Yes, I did try/finally for the entire Nio2OperationState.run and then the problem did not occur in the test.  But are there any side effects to this modification?  Because we've seen elsewhere that there are isInline methods that do something based on this variable value.
Comment 6 Remy Maucherat 2023-02-27 12:33:21 UTC
I've never seen this exception before, so it is probably not very common. Restoring the state with a try/finally and propagating this very unexpected exception is likely good enough, especially since you were nice enough to test it. I credited you as zhougang but if you would like something else let me know.

The patch will be in 11M4, 10.1.7, 9.0.73 and 8.5.87.
Comment 7 zhougang 2023-02-28 09:14:31 UTC
(In reply to Remy Maucherat from comment #6)
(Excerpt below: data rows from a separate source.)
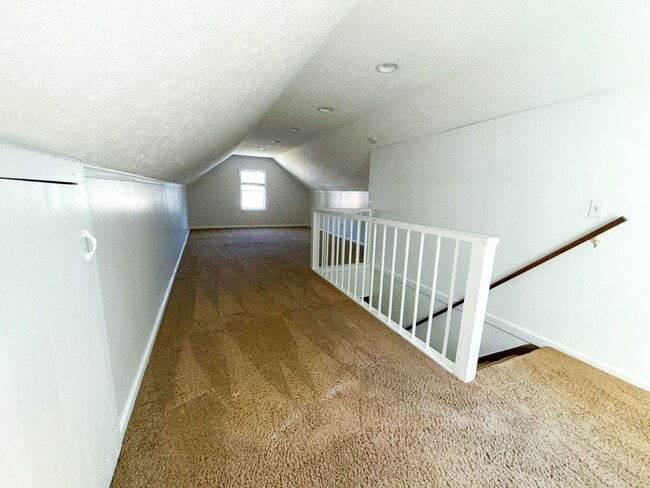 Building Photo - Charming 3-Bed Home Near ODU & OSU Med – F...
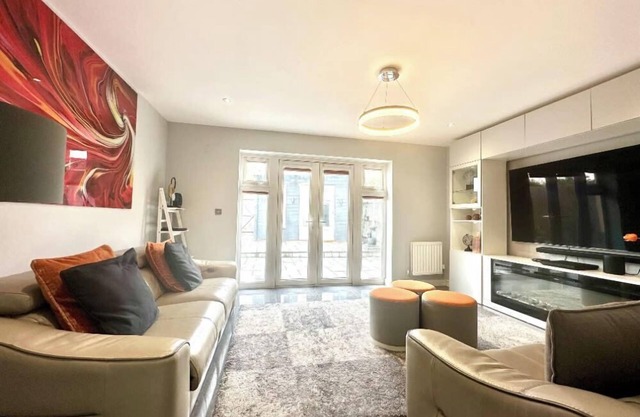 Ideal 4 Bedroomed House in Bicester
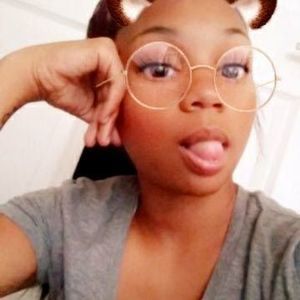 Meet your Posher, Deborah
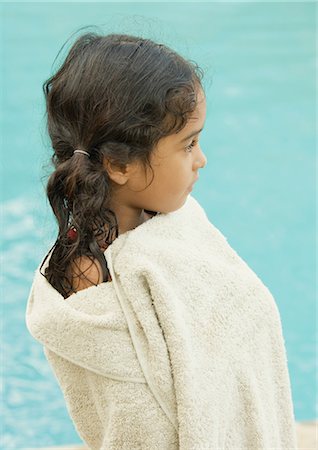 simsearch:632-01193783,k - Girl wrapped in towel, water in background Stock Photo - Premium Royalty-Free, Code: 696-03401033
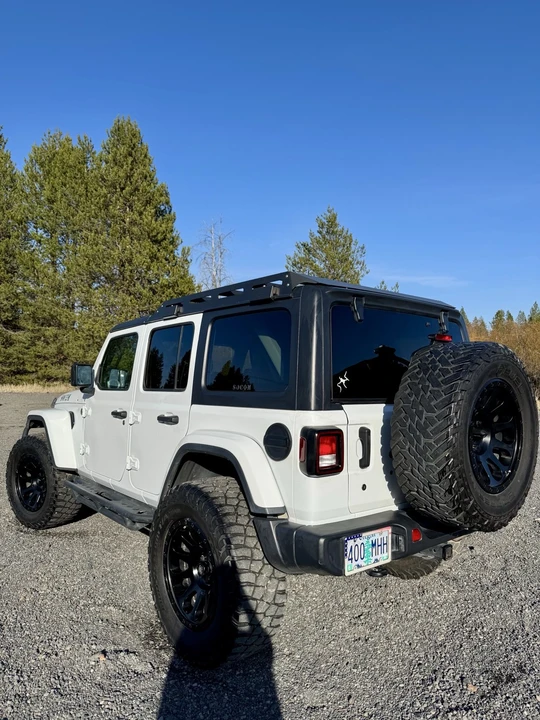 2019 Jeep JL Wrangler - Image 11 of 22
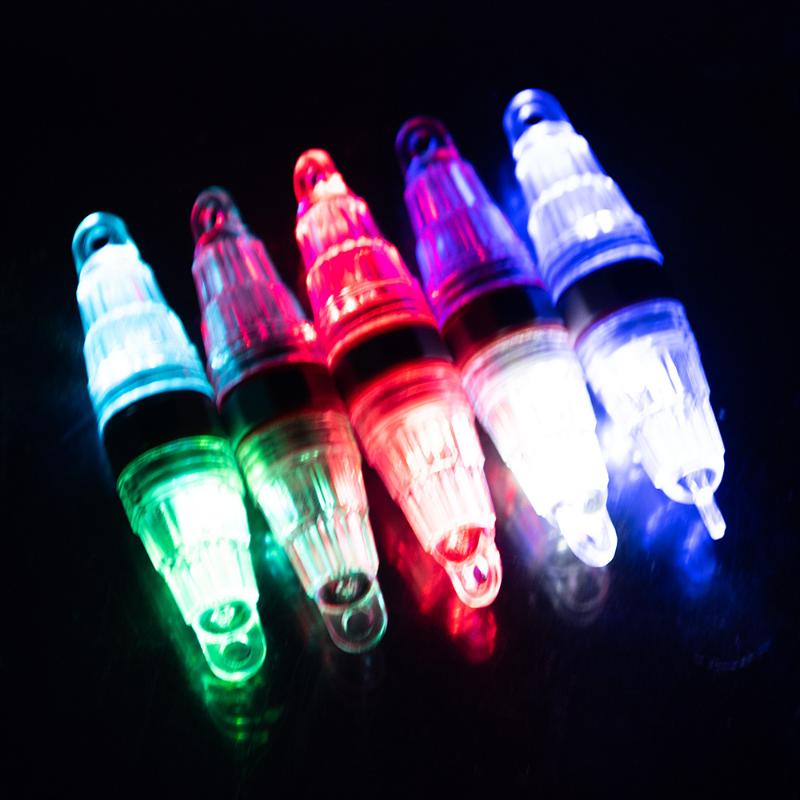 1Pc Led Fishing Light With 2 Battery Waterproof Dual Head Flashing Underwater Fish Suction Device Outdoor Fishing Accessories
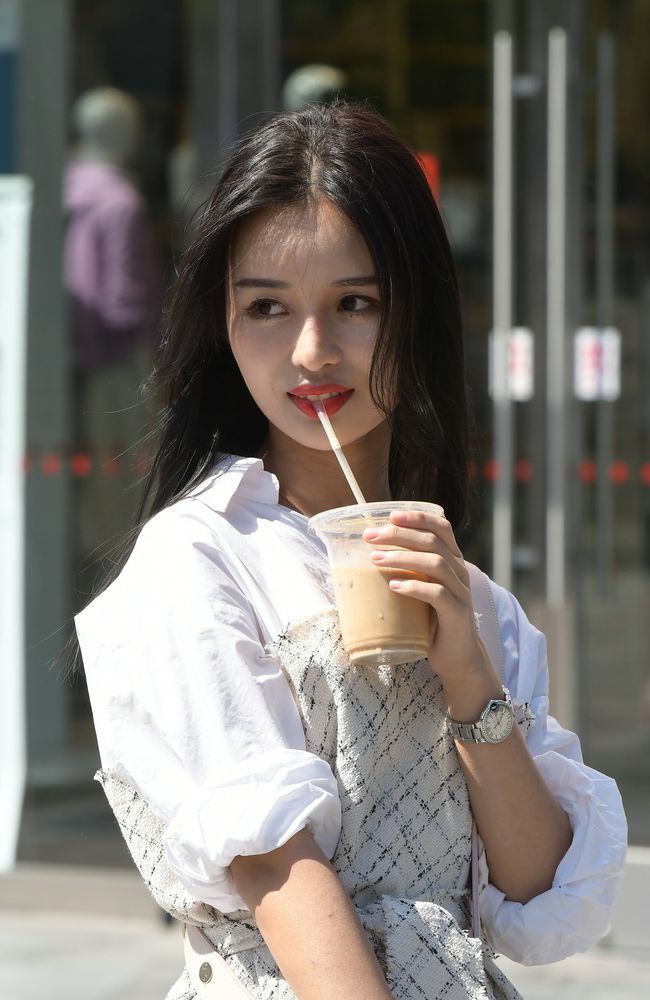 酷气|连衣裙叠加小披肩的设计，增加造型层次感，展示优雅酷气的御姐风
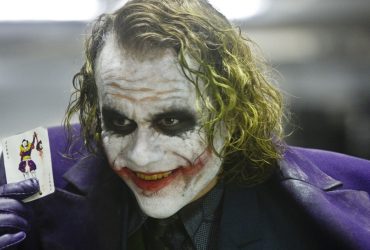 O livro arrepiante Christopher Nolan deu a Heath Ledger para se preparar para o Coringa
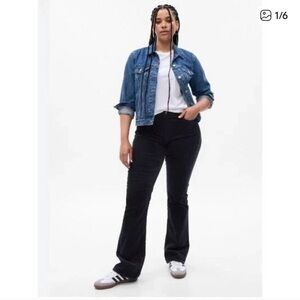 Gap Corduroy Navy Boot Cut pants. Size 31R.‎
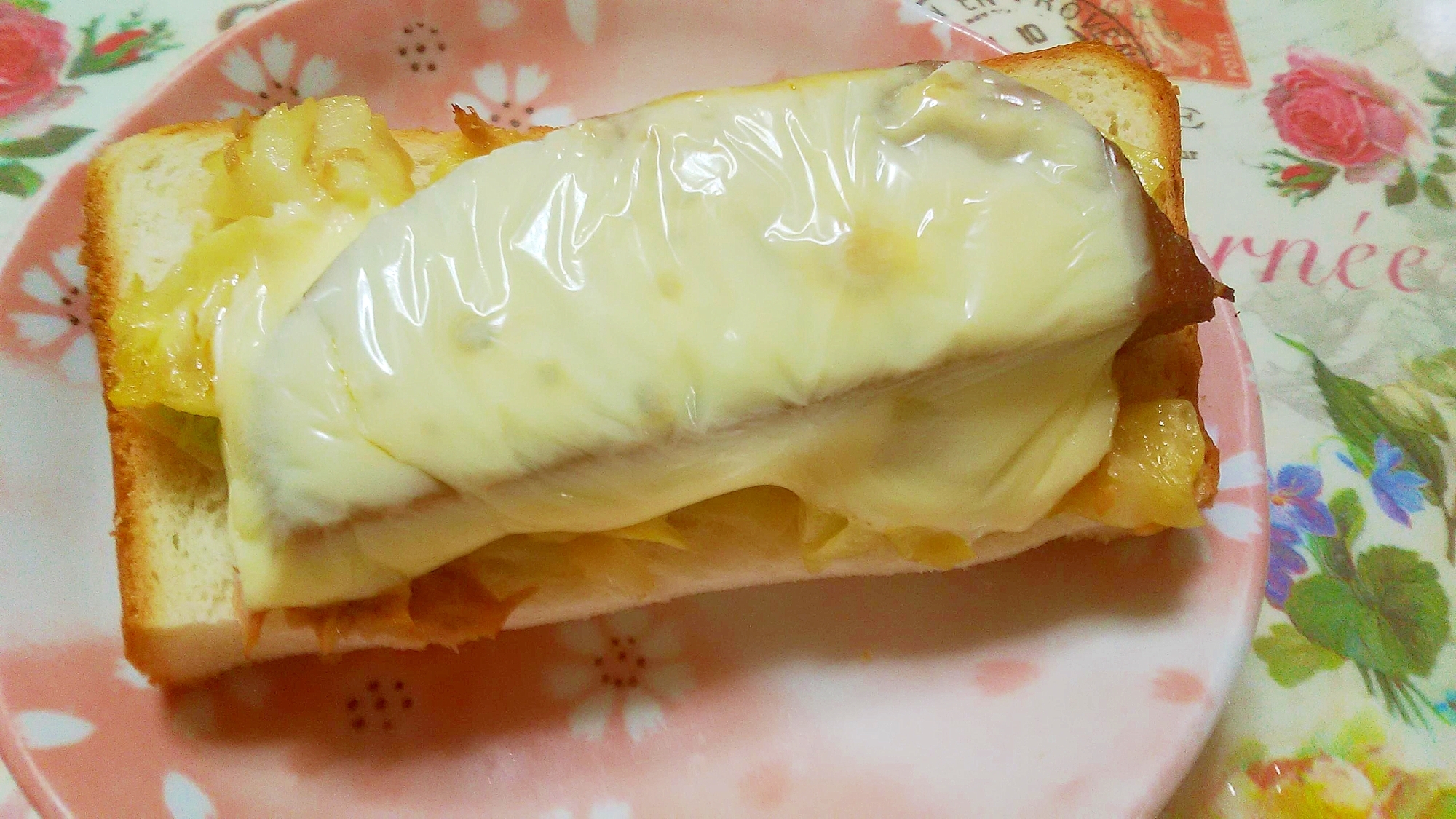 キャベツとハンバーグのチーズトースト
> I've never seen this exception before, so it is probably not very common.
> Restoring the state with a try/finally and propagating this very unexpected
> exception is likely good enough, especially since you were nice enough to
> test it. I credited you as zhougang but if you would like something else let
> me know.
> 
> The patch will be in 11M4, 10.1.7, 9.0.73 and 8.5.87.

OK. Thanks for your response and quick fix. This exception is very unusual and only occurs when there are many websocket send timeout and frequent attempts to establish connections. And I have no more questions.